# Chapter 6: Temporal-Difference Learning

## 1. TD Prediction
- combination of MC and DP
    - use experience
    - bootstrapping
- *constant-α* MC for simple every-visit MC method:
    - must wait until the end of the episode to obtain $G_t$
$$V(S_t) = V(S_t) + \alpha\big[G_t-V(S_t)\big]$$
- **one-step TD** - *TD(0)* method:
    - bootstrapping
$$V(S_t) = V(S_t) + \alpha\big[R_{t+1}+\gamma V(S_{t+1})-V(S_t)\big]$$

![TD 0](assets/6.1.td0.png)


- TD *error*:
$$\delta_t = R_{t+1}+\gamma V(S_{t+1})-V(S_t)$$

    if, array $V$ does not change during the episode, then MC error can be written as a sum of TD errors:
    $$G_t-V(S_t) = \sum_{k=t}^{T-1}\gamma^{k-t}\delta_k$$
    
- Advantages of TD prediction
    - do not require a model of the environment, only experience
    - can implement in an online, fully incremental fashion
        - wait only one time step
    - converge to the true values
    - TD is faster than constant-α MC, in pratice
        - open question for proving mathematically

## 2. Optimality of TD(0)
- **Batch Updating**: only update after processing each complete *batch* of training data
    - compute approximate value function incrementally by TD or MC
    - only update value function by the sum of all the increments
- TD(0) converges deterministically to a single answer if $\alpha$ is sufficiently small
- constant-α MC also converge with the same conditions but to a *different answer*
- TD perform better for future, MC is better for past data
    - TD finds *maximum-likelihood* model of the Markov process
        - converge to the **certaintly-equivalence estimate** : if model is correct, estimating value function will be correct
    - MC minimie *mean-squared error* on the training set
- TD is faster than MC because it computes the true certaintly-equivalence estimate
- TD methods can approximate the same solution as certaintly-equivalence estimate using less memory and computation cost

## 3. Sarsa: On-policy TD Control
- Learn an action-value function $q_\pi(s, a)$ for the current behavior policy
![state-action pairs transition](assets/6.4.state-action-pairs.png)
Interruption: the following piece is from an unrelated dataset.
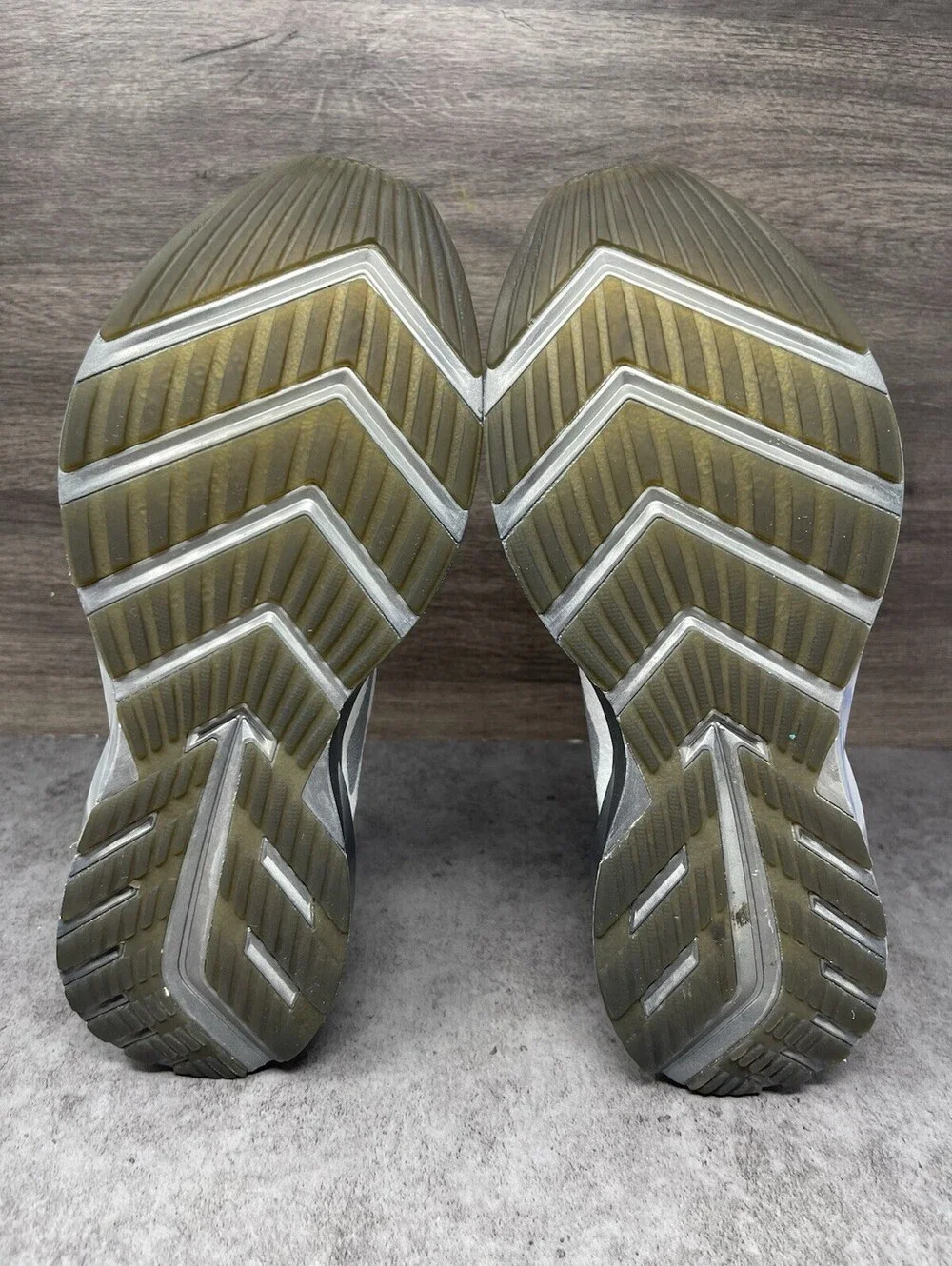 Brooks Hyperion Elite 2 White Silver Size 8 Mens Carbon Plate Racing Shoes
- TD(0) for action-value function:
$$Q(S_t,A_t)\gets Q(S_t,A_t)+\alpha\big[R_{t+1}+\gamma Q(S_{t+1},A_{t+1})-Q(S_t,A_t)\big]$$
    - SARSA: $S_t, A_t, R_{t+1}, S_{t+1}, A_{t+1}$
  
- Continually estimate $q_\pi$ for the behavior policy $\pi$, and change $\pi$ toward greediness with respect to $q_\pi$ at the same time

![sarsa](assets/6.4.sarsa.png)

## 4. Q-learning: Off-policy TD Control
- The learned action-value function $Q$, directly approximates the optimal $q_*$, independent of the policy being followed

$$Q(S_t,A_t)\gets Q(S_t,A_t)+\alpha\big[R_{t+1}+\gamma\max_aQ(S_{t+1},a)-Q(S_t,A_t)\big]$$

![Q-learning](assets/6.5.q-learning.png)

## 5. Expected Sarsa
- Just like Q-learning exept that taking into account how likely each action is under the current policy
- Instead of the sample value of next state, use the **expectation**:

$$
\begin{aligned}
Q(S_t,A_t) &\gets Q(S_t,A_t)+\alpha\Big[R_{t+1}+\gamma E_\pi\big[Q(S_{t+1},A_{t+1}) | S_{t+1}\big]-Q(S_t,A_t)\Big]
\\ &\gets Q(S_t,A_t)+\alpha\Big[R_{t+1}+\gamma \sum_a\pi(a | S_{t+1})Q(S_{t+1},a)-Q(S_t,A_t)\Big]
\end{aligned}
$$

- E-Sarsa is more complex computationally than Sarsa
-  but, perform better than Sarsa, because of eliminating the variance due to random selection of $A_{t+1}$
- Might use for off-policy algorithm
    - includes Q-learning as the sepcial case in which $\pi$ is the greedy policy
- E-Sarsa subsumes and generalizes Q-learning while reliably improving over Sarsa
- Additional computationl cost, but completely dominate both of the other more-well-known TD control algorithms

## 6. Maximization Bias and Double Learning
- **Maxsimization Bias**: maximum over estimated values can lead to a significant positive bias
- Avoid by **Double Learning**
    - Divide the plays in two sets and learn independent estimates $Q_1(a)$, $Q_2(a)$
    - Use one (e.x. $Q_1$) to get maximizing action: $A^*=\arg\max_a Q_1(a)$
    - Other (e.x. $Q_2$) to provide the estimate of its value: $Q_2(A^*)=Q_2(\arg\max_a Q_1(a))$
    - The result is that it will then unbiased: $E[Q_2(A^*)]=q(A^*)$
- Note that:
    - only one estimate is updated on each play
    - double the memory requirements
    - does not increase the amount of computation per step
- *Double Q-learning*:
$$Q_1(S_t,A_t)\gets Q_1(S_t,A_t)+\alpha\big[R_{t+1}+\gamma Q_2\big(S_{t+1},\arg\max_aQ_1(S_{t+1}, a)\big)-Q_1(S_t,A_t)\big]$$

![Double Q-learning](assets/6.7.double-q-learning.png)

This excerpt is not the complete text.